Are the days of free content on the net numbered?
- 8 November 2013
- From the section Technology
Fortune writer Adam Lashinsky seemed stunned and bemused by the blowback from his readers.
He had written about the 3G buyout of Heinz on the professional networking site LinkedIn, and added: "Fortune [where I work] published a longish preview of the article here. The full version is here, and you'll have to be a Fortune subscriber to read it. No apologies by the way. The kids say they can get everything they need to read for free on the internet. Sorry. It's not true."
Readers erupted. The most "liked" comment, 319 up to the time of publishing, was this: "If your Fortune article is as empty of content as this LinkedIn article, I think I'll stick to the free sources. Please refrain from spam postings."
Mr Lashinsky wrote a combative follow-up defending subscription.

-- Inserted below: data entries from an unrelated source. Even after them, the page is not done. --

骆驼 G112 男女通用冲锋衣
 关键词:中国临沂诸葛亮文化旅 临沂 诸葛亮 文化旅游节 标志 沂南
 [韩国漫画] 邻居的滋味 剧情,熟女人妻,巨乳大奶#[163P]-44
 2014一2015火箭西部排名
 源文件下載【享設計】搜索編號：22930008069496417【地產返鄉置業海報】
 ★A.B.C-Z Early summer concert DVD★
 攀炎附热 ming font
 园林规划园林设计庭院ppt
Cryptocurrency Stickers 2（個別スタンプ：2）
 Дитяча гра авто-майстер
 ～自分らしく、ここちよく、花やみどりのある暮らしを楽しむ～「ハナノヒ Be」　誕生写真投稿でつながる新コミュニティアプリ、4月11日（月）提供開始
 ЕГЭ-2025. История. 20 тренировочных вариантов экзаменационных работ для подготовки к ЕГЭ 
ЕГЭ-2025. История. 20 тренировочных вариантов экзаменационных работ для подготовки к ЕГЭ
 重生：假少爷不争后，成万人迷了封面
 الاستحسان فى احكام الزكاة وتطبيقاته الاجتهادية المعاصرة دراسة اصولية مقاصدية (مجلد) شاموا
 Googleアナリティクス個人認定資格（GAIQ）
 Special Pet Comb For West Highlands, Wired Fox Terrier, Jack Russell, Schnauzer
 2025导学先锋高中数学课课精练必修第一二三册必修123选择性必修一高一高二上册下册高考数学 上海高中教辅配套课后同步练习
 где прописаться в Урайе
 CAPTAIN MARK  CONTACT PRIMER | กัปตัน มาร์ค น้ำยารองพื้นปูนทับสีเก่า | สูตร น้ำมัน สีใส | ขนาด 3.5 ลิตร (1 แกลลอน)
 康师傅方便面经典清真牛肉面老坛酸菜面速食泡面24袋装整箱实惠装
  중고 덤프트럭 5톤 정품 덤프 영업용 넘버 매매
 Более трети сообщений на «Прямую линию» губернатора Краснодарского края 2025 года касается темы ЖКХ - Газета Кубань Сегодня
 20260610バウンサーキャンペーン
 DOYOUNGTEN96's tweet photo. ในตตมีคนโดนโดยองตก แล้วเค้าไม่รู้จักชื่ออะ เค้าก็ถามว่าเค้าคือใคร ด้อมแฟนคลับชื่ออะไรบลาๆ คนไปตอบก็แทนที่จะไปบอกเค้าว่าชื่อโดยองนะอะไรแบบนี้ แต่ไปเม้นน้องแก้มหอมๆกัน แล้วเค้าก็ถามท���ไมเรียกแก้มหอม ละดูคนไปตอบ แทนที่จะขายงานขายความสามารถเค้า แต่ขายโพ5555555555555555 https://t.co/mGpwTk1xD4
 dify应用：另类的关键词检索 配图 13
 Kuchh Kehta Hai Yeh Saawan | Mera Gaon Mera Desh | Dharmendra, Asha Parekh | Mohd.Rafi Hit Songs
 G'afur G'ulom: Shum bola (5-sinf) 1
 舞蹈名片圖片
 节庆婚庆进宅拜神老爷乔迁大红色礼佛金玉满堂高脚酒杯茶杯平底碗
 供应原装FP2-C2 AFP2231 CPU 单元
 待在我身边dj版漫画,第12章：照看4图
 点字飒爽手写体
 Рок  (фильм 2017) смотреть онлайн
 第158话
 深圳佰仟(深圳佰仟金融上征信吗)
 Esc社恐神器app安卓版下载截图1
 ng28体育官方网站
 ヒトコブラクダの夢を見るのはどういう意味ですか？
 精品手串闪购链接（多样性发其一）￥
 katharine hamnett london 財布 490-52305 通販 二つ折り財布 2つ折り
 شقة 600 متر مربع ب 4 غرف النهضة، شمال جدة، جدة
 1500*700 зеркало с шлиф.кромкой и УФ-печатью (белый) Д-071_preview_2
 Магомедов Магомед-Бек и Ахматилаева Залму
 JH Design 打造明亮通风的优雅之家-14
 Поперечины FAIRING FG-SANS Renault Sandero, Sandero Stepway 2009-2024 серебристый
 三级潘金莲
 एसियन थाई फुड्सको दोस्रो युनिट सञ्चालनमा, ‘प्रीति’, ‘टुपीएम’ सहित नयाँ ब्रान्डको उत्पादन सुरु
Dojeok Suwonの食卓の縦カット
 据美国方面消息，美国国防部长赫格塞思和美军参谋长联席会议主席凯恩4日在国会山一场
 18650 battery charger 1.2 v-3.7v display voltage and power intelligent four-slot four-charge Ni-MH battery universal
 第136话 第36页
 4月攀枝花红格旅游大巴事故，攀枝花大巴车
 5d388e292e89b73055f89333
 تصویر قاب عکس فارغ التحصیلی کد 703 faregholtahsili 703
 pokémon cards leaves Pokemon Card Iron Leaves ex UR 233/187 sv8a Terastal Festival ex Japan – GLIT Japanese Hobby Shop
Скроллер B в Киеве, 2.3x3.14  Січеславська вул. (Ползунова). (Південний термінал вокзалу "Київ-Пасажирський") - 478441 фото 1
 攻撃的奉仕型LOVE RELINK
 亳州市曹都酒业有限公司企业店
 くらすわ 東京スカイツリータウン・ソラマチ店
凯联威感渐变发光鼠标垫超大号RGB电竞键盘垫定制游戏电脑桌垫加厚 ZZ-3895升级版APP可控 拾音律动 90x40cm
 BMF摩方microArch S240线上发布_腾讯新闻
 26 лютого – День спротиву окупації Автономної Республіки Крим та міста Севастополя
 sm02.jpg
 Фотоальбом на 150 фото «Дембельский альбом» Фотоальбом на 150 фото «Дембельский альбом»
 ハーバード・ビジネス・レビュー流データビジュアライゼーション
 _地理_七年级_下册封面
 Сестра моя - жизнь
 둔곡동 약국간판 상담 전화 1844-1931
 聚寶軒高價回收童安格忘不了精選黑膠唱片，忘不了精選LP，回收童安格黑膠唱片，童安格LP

He was unapologetic.
"As far as the readers of my post were concerned, I had committed the cardinal sin of social media, which was to link to an article for which they had to pay", he tells the BBC.
"To paraphrase their response, how dare I tell them about something that was not available to them for free."
So, are the battle lines being drawn between free and subscription?
Tumbling ad revenues and circulation are hitting traditional newspapers hard, making some of them charge for content.
"Advertising is weakening on newspaper sites and online sites because you can target the ads through Google and Facebook to individual people," says blogger Andrew Sullivan.
He made the one-million-readers-a-month The Dish a standalone blog, taking it out of the Newsweek/Daily Beast site and charging readers $20 (£12.50) a year.
"We media have to find another model that does not rely on advertising. It's not actually working financially in the long run," Mr Sullivan says.
"Advertising-supported news was a glorious accident," adds Mr Lashinsky. "We need other revenue streams. Subscriptions are a good one."
Many readers seem resistant to paying for online content. Some sites have designed metered models that recognise that.
The New York Times brings down a pay curtain after 10 free articles a month.
The Times, in the UK, makes the start of articles visible, and directs readers wanting to see more to pay to access the rest.
The Wall Street Journal and Financial Times have a combination of pay, free and registration content. Some sites have promotions for free or reduced subscriptions, or bundles with other product and services offers.
Into the picture has stepped Jeff Bezos, of Amazon, who brings to a historic title, the Washington Post, a dose of modern start-up and retail savvy.
Computer science engineer Robert Cailliau is the often unheralded other half of the story of inventing the world wide web, alongside Sir Tim Berners-Lee.
The web was initially a system to connect the world's universities, which did not have a simple way of accessing each other's remotely stored academic papers and documents.
Mr Cailliau, a Belgian, is now retired from Cern (the European Organisation for Nuclear Research in Geneva) and lives in France. He says that the idea of "dealing with the value of information" has been around for 20 years.
"It was impossible for someone to say, 'I worked very hard to put up this information to keep these articles up to date… I want you to pay me, say one cent every time you click on one of my pages.'"
Mr Cailliau thinks that monthly subscriptions are too expensive and restrictive. He says the pay-as-you-go mobile phone model is a great one for online content.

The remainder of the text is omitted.